O pai do menino Sean Goldman, retido no Brasil há quase seis anos, prestou depoimento nesta quarta-feira na Câmara dos Representantes do Congresso dos Estados Unidos e criticou a demora das autoridades brasileiras em resolver o caso. O Brasil continua a abrigar 66 crianças americanas, incluindo Sean, violando leis internacionais, assinalou.

BBC Brasil |

"Aparentemente, o governo americano não pode fazer nada para proteger seus cidadãos deste furto de nossas crianças, os mais vulneráveis entre nós."
Sean, de nove anos, se tornou alvo de disputa entre o pai americano e a família da mãe brasileira, Bruna Bianchi, morta em agosto de 2008.

O pai do garoto, David Goldman, tenta recuperar a guarda do filho desde 2004, quando Bruna viajou ao Rio de Janeiro para visitar os pais e não voltou aos Estados Unidos. Desde a morte de dela, durante o nascimento da primeira filha com o novo marido, o advogado João Paulo Lins e Silva, é ele quem detém a guarda do garoto.

Nesta quarta-feira, David Goldman foi uma das testemunhas, junto com outros pais, da audiência que discutiu o sequestro internacional de crianças americanas por cônjuges estrangeiros.

Durante o tempo em que teve a oportunidade de explicar o caso de seu filho na Comissão de Direitos Humanos da Casa dos Representantes, Goldman afirmou que o Brasil está descumprindo tratados internacionais e impedindo que diversas crianças possam retornas as suas casas.

Justiça brasileira
O caso da guarda de Sean aguarda parecer do Tribunal Regional Federal do Rio de Janeiro, que está julgando recurso impetrado pela família brasileira do garoto contra a decisão do juiz federal de primeira instância Rafael Pereira Pinto, que, em junho, determinou o retorno de Sean aos Estados Unidos.

Segundo Mark DeAngelis, co-fundador da campanha online batizada de Bring Sean Home (Tragam Sean para Casa), durante a audiência no Congresso americano, foram realizados dois painéis explicativos.
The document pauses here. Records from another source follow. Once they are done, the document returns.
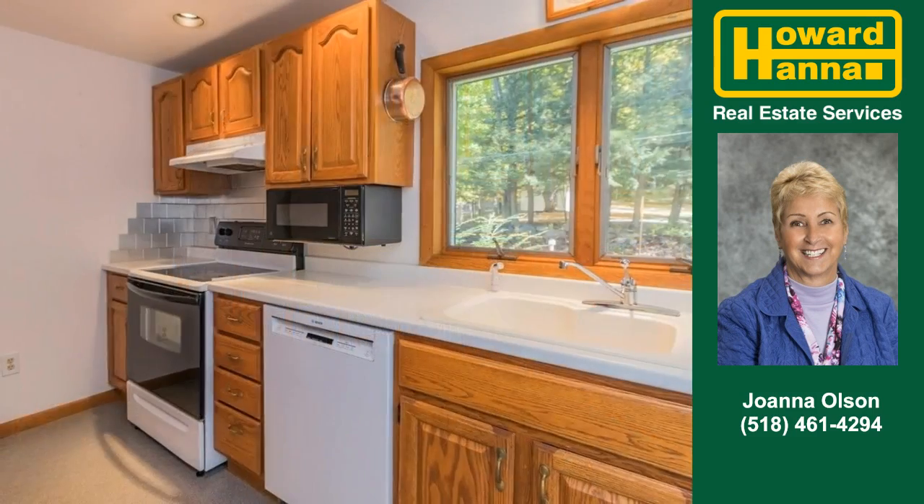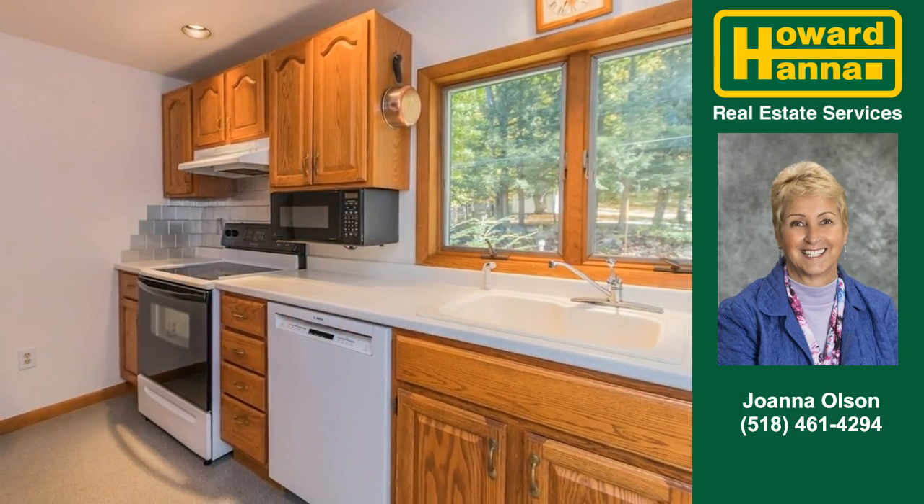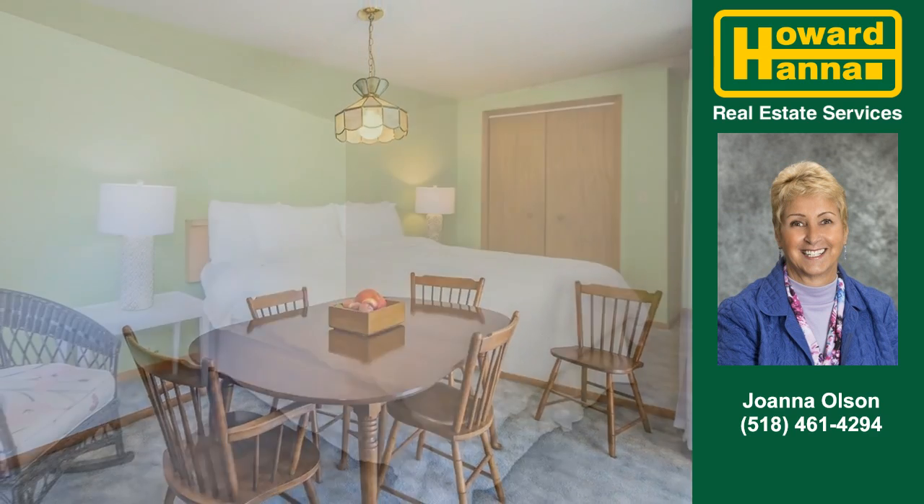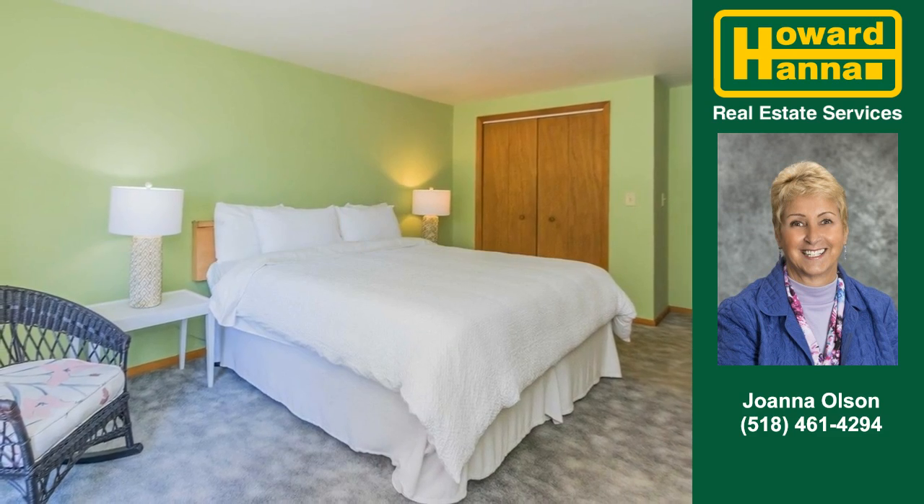Cooking will be easy in this efficient kitchen. Great place to visit is this convenient dining area. This home offers great Sacandaga Lake living at its best.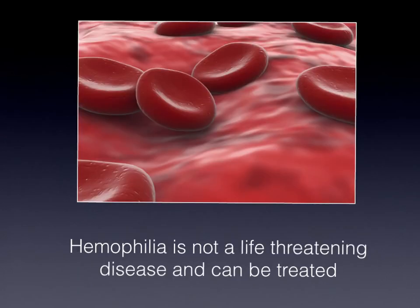That was a quick overview on hemophilia. Thanks for listening. If you have any questions, feel free to contact me at www.hemophiliadoc.com. Remember, hemophilia is not a life-threatening disease, and it can be treated for humans to live an enjoyable life.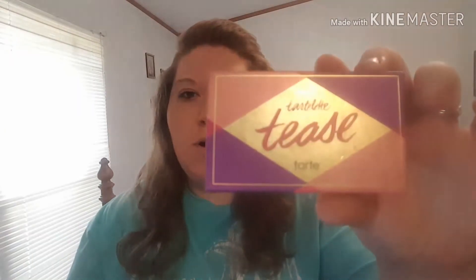Today I'm trying out the Tease palette from Tarte, as you all saw two videos ago when I explained the makeup I got. I'm also going to try contouring — I'm not really good at it but I'll try. That was a long intro, but I hope you all enjoy this video. If you do, subscribe to my channel so you're always notified when I upload.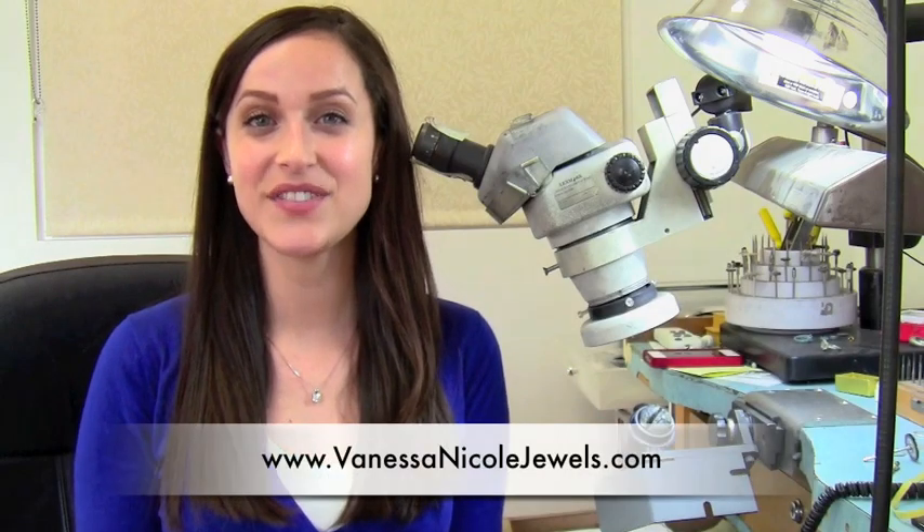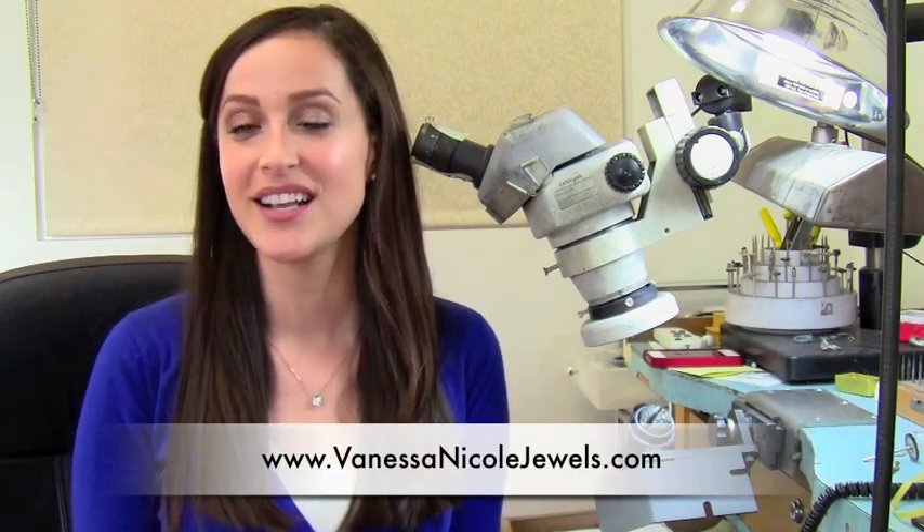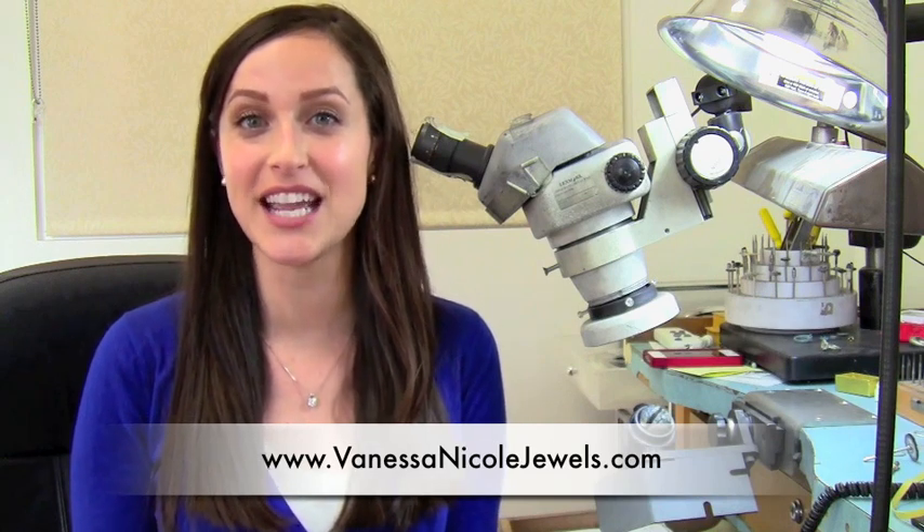Hi, this is Vanessa Nicole with Vanessa Nicole Jewels, San Diego's exclusive custom engagement ring studio.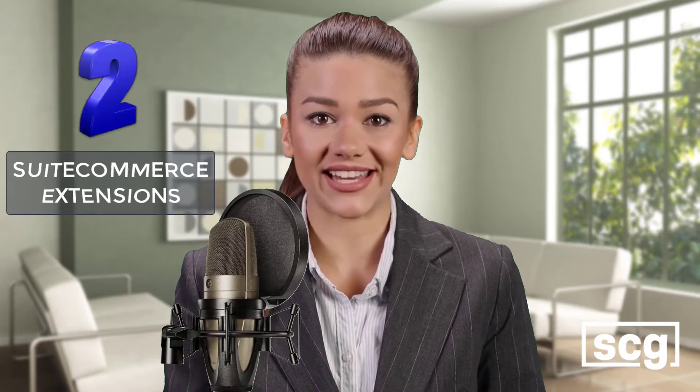The first reason is B2B features. SuiteCommerce offers a robust set of native B2B customizations including configurable prices, terms, and credit limitations. When it comes to B2B e-commerce, SuiteCommerce is possibly the most sophisticated platform available. If you discover a feature that isn't available, it's possible that it can be introduced through modification or a third-party program.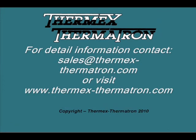For detailed information, contact sales at thermx-thermatron.com.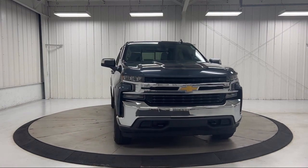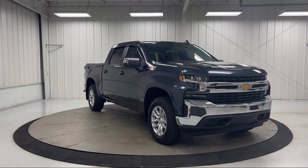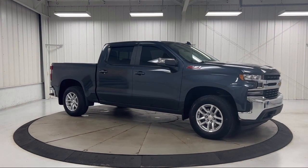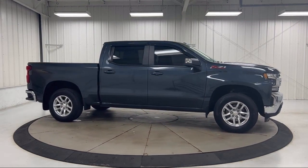It features Power Front Windows with Passenger Express Down, Chevrolet Infotainment 3 System, Apple CarPlay and Android Auto, HD Rear Vision Camera, Keyless Open and Start, and has less than 35,000 miles on the odometer.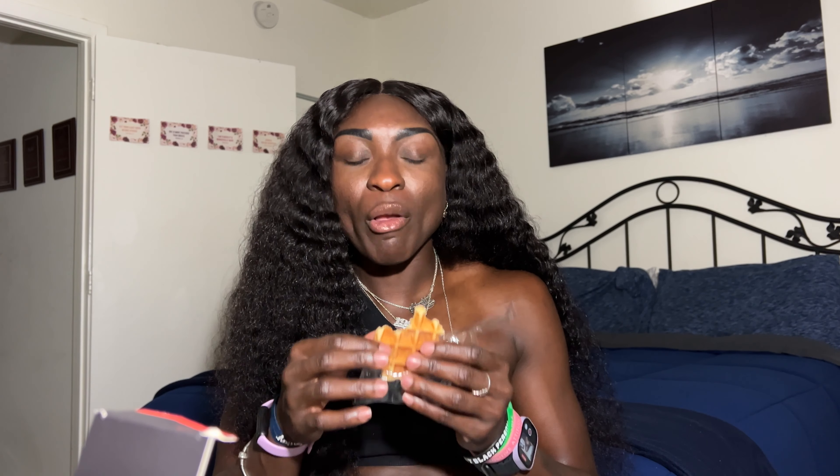It tastes like a snack waffle, but you can tell there's something healthy about it. Okay, that's the baseline.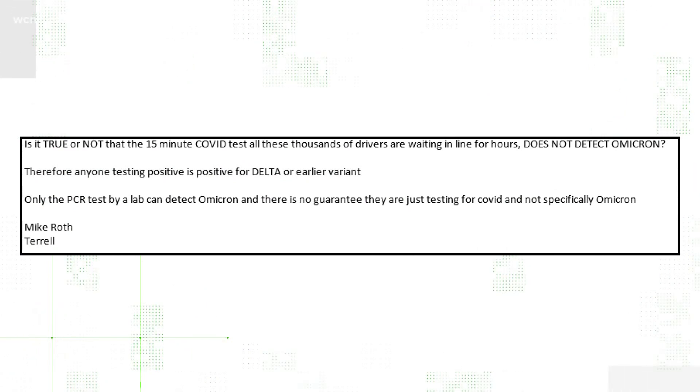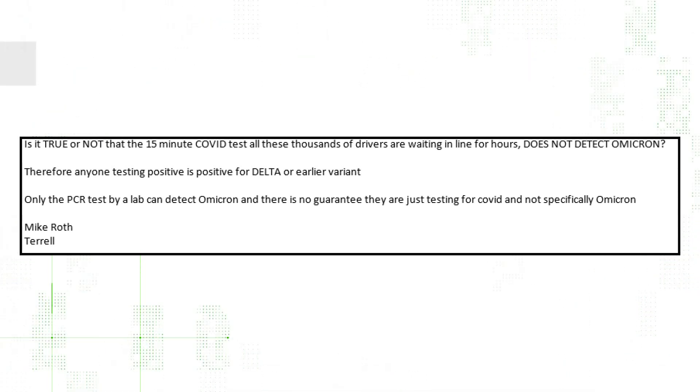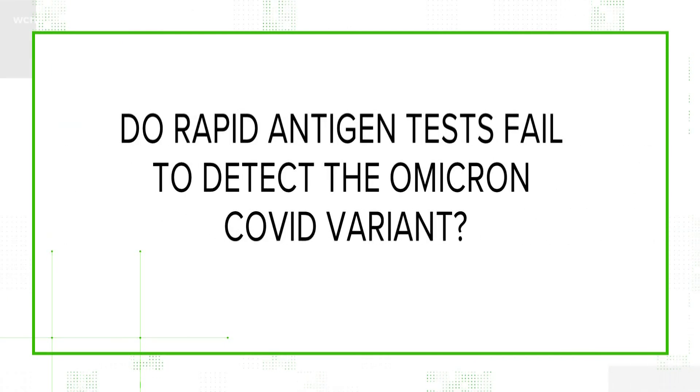Got this question from Mike Roth in Terrell, North Carolina, asking whether the rapid antigen tests that thousands of North Carolinians are taking every day are unable to detect the Omicron variant. He heard only a PCR test could find this variant. So is this true? Do rapid antigen tests fail to detect the Omicron COVID variant?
O primeiro, em que pais, como Goldman, tiveram a oportunidade de chamar a atenção dos congressistas sobre a demora das autoridades em resolver os casos de seus filhos.

No segundo painel, advogados e juízes convidados puderam falar sobre as implicações jurídicas destes casos e esclareceram porque as crianças ainda não retornaram aos Estados Unidos.

"Na audiência, muitos congressistas manifestaram desapontamento e frustração com o Brasil por não entregar estas crianças", disse DeAngelis.

Conforme apoiadores de Goldman, existem hoje cerca de 1, 9 mil casos envolvendo 2,8 mil crianças levadas dos Estados Unidos para outros países. Entre elas, 66 moram atualmente em solo brasileiro.

Na página da campanha, aparece um pedido a americanos e brasileiros que liguem para o Congresso dos Estados Unidos pedindo que aprovem a proposta de lei prevendo penas mais severas às nações que não respeitarem as leis internacionais, incluindo embargos e cancelamento de tratados comerciais.

De acordo com o congressista Chris Smith, integrante da Comissão de Direitos Humanos, Goldman e seu filho perderam mais de cinco anos de suas vidas juntos enquanto o governo brasileiro tem permitido que este caso se arraste "interminavelmente".

"O Brasil não tem cumprido os tratados internacionais sobre sequestro de crianças, que foram assinados voluntariamente", disse Smith. "Os direitos humanos de David Goldman como pai, seus direitos baixo as leis americanas e os tratados internacionais, tem sido ignorados."
O litígio pela custódia de Sean chegou a ser tratado pelo presidente Luiz Inácio Lula da Silva e seu colega americano Barack Obama, que defendeu Goldman e se comprometeu a seguir o caso de perto.

Já Lula diz que o governo acatará a decisão que vier a ser tomada pela Justiça.